A síndrome nefrótica constitui uma causa não imunológica de redução dos níveis séricos de imunoglobulinas. Caracteriza-se por uma tríade clássica composta de proteinúria, hipoproteinemia, e edema. Outras alterações presentes são: dislipidemia, estado de hipercoagulabilidade e anemia. A ocorrência de hipogamaglobulinemia explica-se pela perda urinária de proteínas e resulta em uma susceptibilidade aumentada a infecções. O diagnóstico diferencial em relação a outras causas de hipogamaglobulinemia, nesses casos, pode ser feito pela pesquisa dos outros sinais e sintomas da síndrome, por exame clínico e solicitação de exames complementares, como as dosagens de proteínas na urina 24 horas e no sangue, o perfil lipídico e hemograma.8

A síndrome linfoproliferativa ligada ao X caracteriza-se por susceptibilidade aumentada a infecções provocadas pelo vírus Epstein-Barr. Pode desencadear mononucleose grave ou até mesmo fatal, hipogamaglobulinemia e/ou linfoma. A mononucleose fatal ocorre ainda na infância em muitos desses pacientes. O linfoma de Burkitt é o principal linfoma desenvolvido por esses pacientes. Quando sobrevivem ao processo infeccioso primário, os indivíduos desenvolvem inúmeras anormalidades de células T, B e NK. A taxa de mortalidade após os 40 anos é de 100%.8

 

CONCLUSÃO

A correta etiologia do caso em questão não foi possível devido ao falecimento da paciente.
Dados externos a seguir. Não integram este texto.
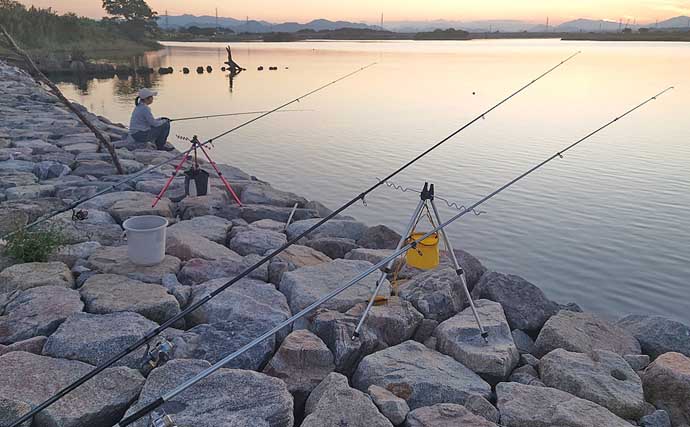 釣ったハゼを泳がせてウナギ釣りに挑戦【三重・伊勢市】今シーズンラストの釣行か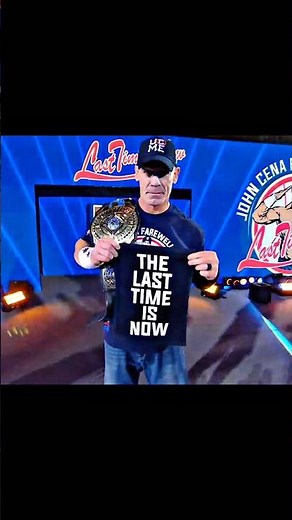 John Cena Last RAW Entrance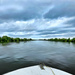 Cruising down the river on a cloudy summer's day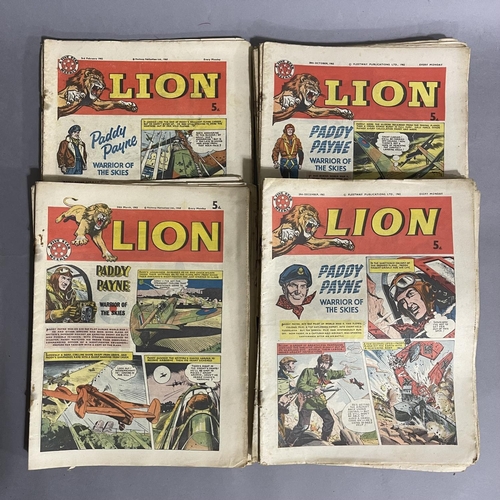 199 - A collection of 33 early Lion comics from 1962: 29th December to 4th August inclusive and 24th March... 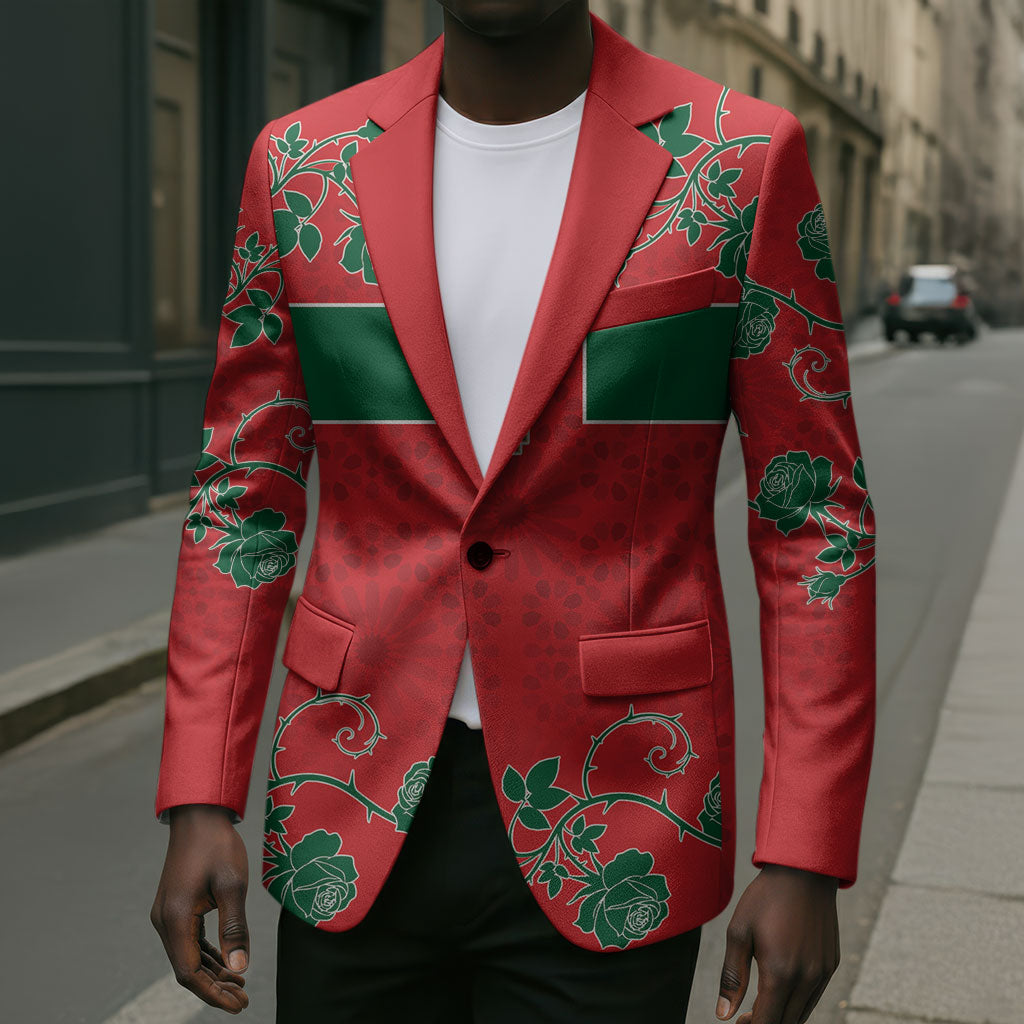 Custom Morocco Desert Rose Floral Blazer Africa Women’s Football Champion Series 2026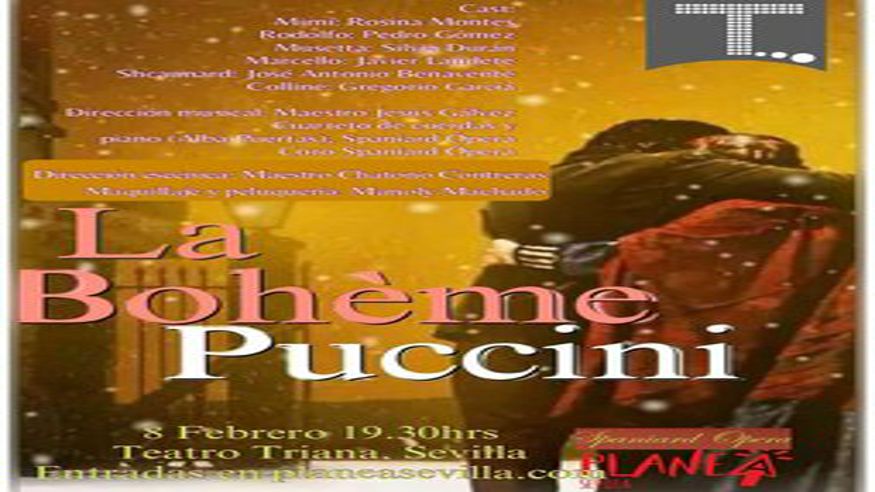 Teatro - Musicales - Opera, zarzuela y clásica -  La Bohéme - Spaniard Ópera - SEVILLA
A hipótese de IDCV foi levantada apenas post-mortem. A IDCV somente pode ser confirmada perante clínica sugestiva de panhipogamaglobulinemia evidenciada por exame laboratorial.

Diante de quadros clínicos com linfadenopatia granulomatosa não tuberculosa associada e de etiologia indeterminada é importante o diagnóstico diferencial com diversas enfermidades para que o tratamento seja correto e eficiente.